Assignment => Your answer must be the exact lines of the listing below that run from the line with "O opositor ruso" to the line with "De Guaita Crush", ends included, and no pictures.

** Supplied material follows **

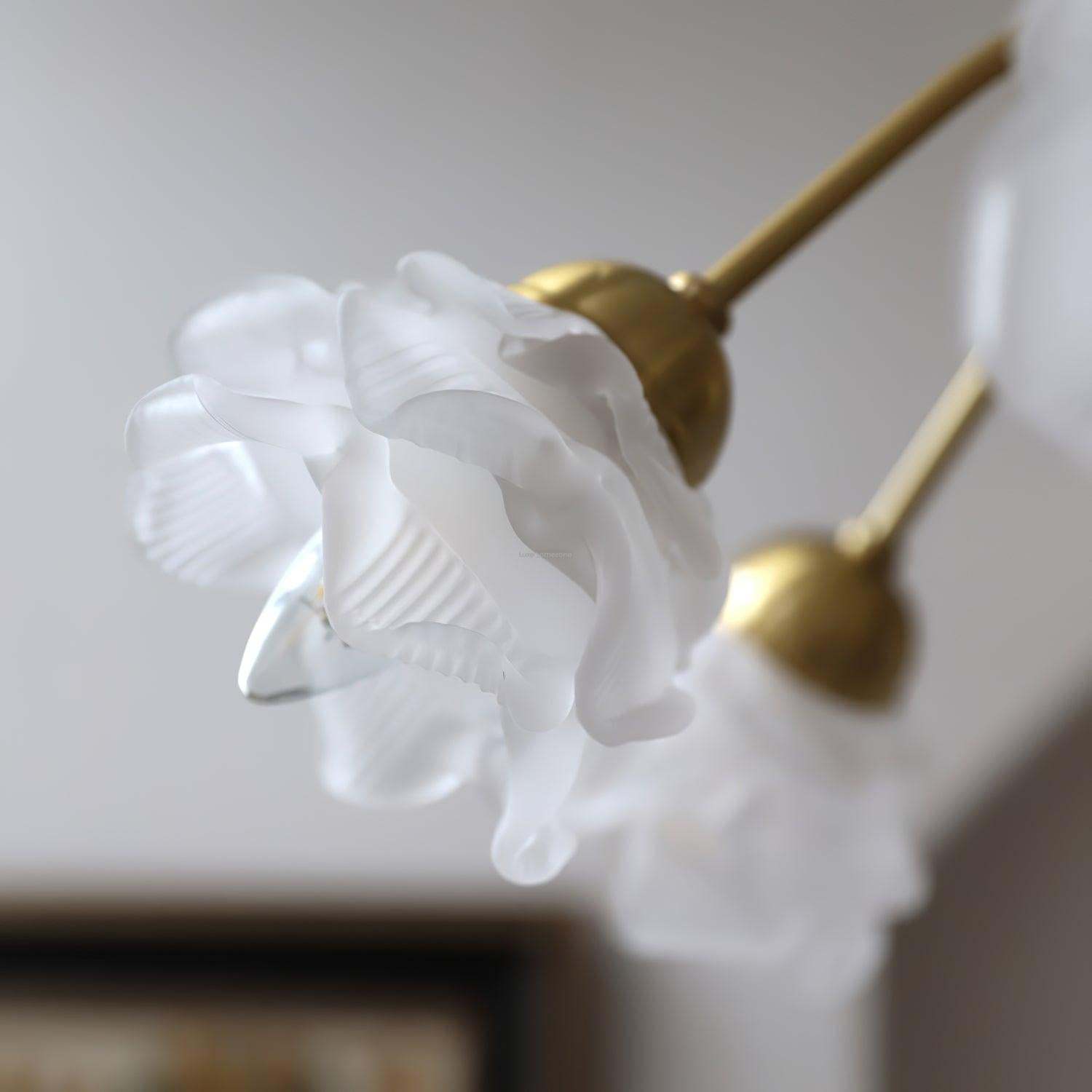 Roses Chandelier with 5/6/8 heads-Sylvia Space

** End of Supplied material **
** Supplied material follows **

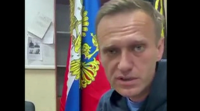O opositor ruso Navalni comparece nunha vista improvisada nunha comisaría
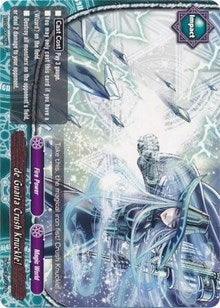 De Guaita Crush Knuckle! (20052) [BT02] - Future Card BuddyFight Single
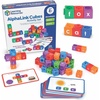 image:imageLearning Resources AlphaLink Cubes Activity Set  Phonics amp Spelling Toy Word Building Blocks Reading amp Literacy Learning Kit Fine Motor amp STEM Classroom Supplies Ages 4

** End of Supplied material **

Result for this exercise =>
O opositor ruso Navalni comparece nunha vista improvisada nunha comisaría
 De Guaita Crush Knuckle! (20052) [BT02] - Future Card BuddyFight Single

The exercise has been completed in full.